The Social Nature of Production: Craftsmanship, production and trade (e.g guilds, collegia, workshops, patrons and interior design). The place of the professional in society (e.g. social rank and gender).
Professionals in specifically defined spheres: Religion (priests and ritual personnel); Performance (rhapsodes and bards, playwrights, actors and entertainers, chorus leaders/ producers/ members, the Roman arena); Sports (e.g. Olympic chariot racing and the different status of owner and driver)

The Theories of Professionalism: The moral status of professionalism (e.g. the imperial bureaucracy, citizen government, aristocratic amateurs). The problematic use of modern ideas in study of the ancient world (eg. Max Weber) and modern appropriation of ancient examples.

For further information please contact us at harvardclassicsconference AT gmail.com. Abstracts should be e-mailed to this address, so that they are received by January 5th 2010.

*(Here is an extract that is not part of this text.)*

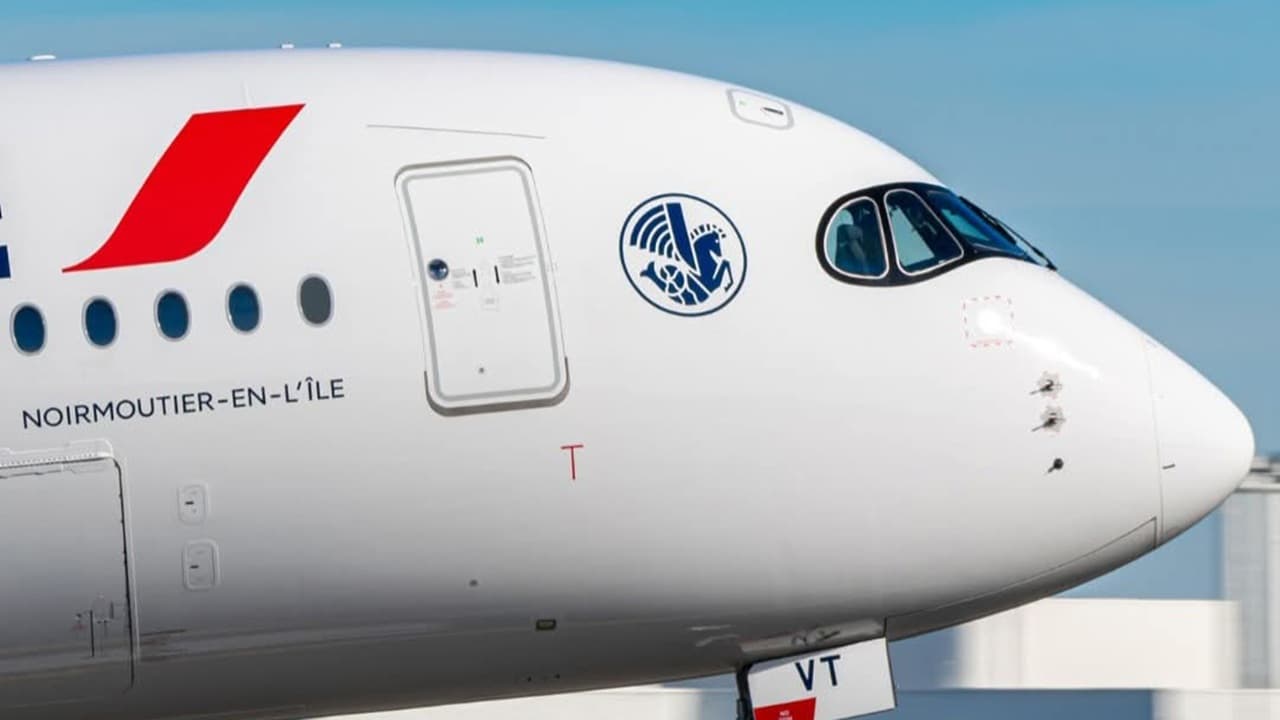 Air France Flight Diverted to Montreal Over Ebola Screening Error: What ATPL and ATC Students Need to Know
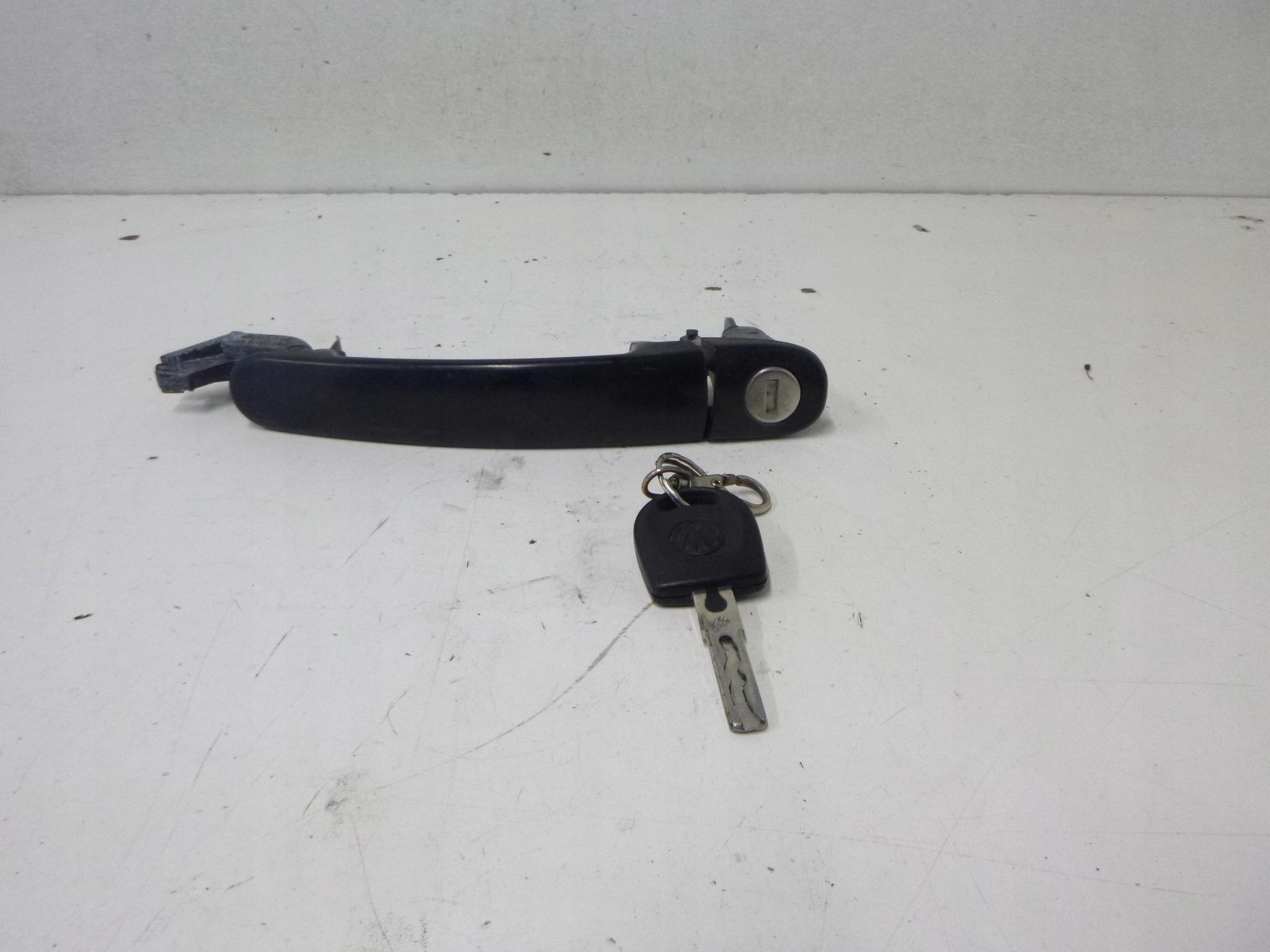 Дверные ручки наружная ручка VW Fox 2006г. + ключ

We welcome submissions from graduate students working in Classics, Egyptology and Near Eastern Languages and Cultures approaching the subject from literary, archaeological or historical perspectives. Presentations will be limited to 20 minutes. Abstracts should be of no more than 300 words, and should be submitted anonymously. Please provide a cover letter with your paper title, name, address, phone number, e-mail address, institutional affiliation and status. Please also specify any additional technical needs.